Perché del saggio di flamenco, alla fin fine, a me é soprattutto questo che rimane. La socializzazione facilitata da una vicinanza forzata. I gossip da camerino. Il buen rollo e i mucha mierda urlati a squarciagola non appena le lancette si avvicinano alle nove. Restano il prima e il dopo, piú che il durante semi-inconsapevole in cui batti i piedi su quel palco. E ci sono solo il legno. I piedi. Il tuo occhio reso orbo da un faro troppo accecante e i tanti altri occhi funzionanti che, anche un po' a causa di questo, non vedrai mai.

Applausi.

Restano i momenti epici. Quelli da cui é facile estrapolare aneddoti di impronta vagamente leggendaria. Tipo le note di Funiculí Funiculá, rivisitate in chiave flamenca, al centro di una crisi nelle prove generali.
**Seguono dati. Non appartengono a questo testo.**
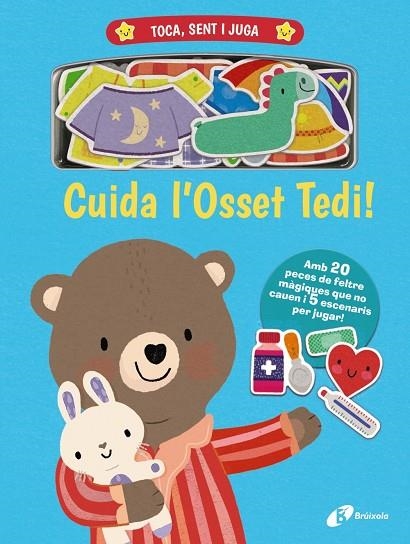 CUIDA L'OSSET TEDI! TOCA, SENT I JUGA | 9788413491561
I dialoghi tra miopi, e “non mi fare cenni, perché non ti vedo”. O l'avvenenza di quel tecnico di palco (audio? Luci? Francamente non ne ho idea) che mi fa capire, in un risveglio ormonale, che alla faccia del clima l'estate é vicina. Allora é tempo di mangiar ciliege, di dormire su una sdraio con le cuffie nelle orecchie e il tuo costume rosso uguale uguale a quello della tipa della Kellogs.

Ecco: é per tutto questo, per quest'allegria incontenibile, che vale ancora e sempre la pena ballare. E a mó di post scriptum sono lieta di dirvi che forse mi sbagliavo. Che forse neanche quell'altra, di passione, é finita come credevo. E' bastato ascoltare una canzone. Innamorarmente perdutamente. Premere di nuovo play.




Ho comprato un biglietto per andare a vedere Dani Martín a Barcellona, il prossimo 20 Dicembre. Forse, alla fin fine, non cambieró mai.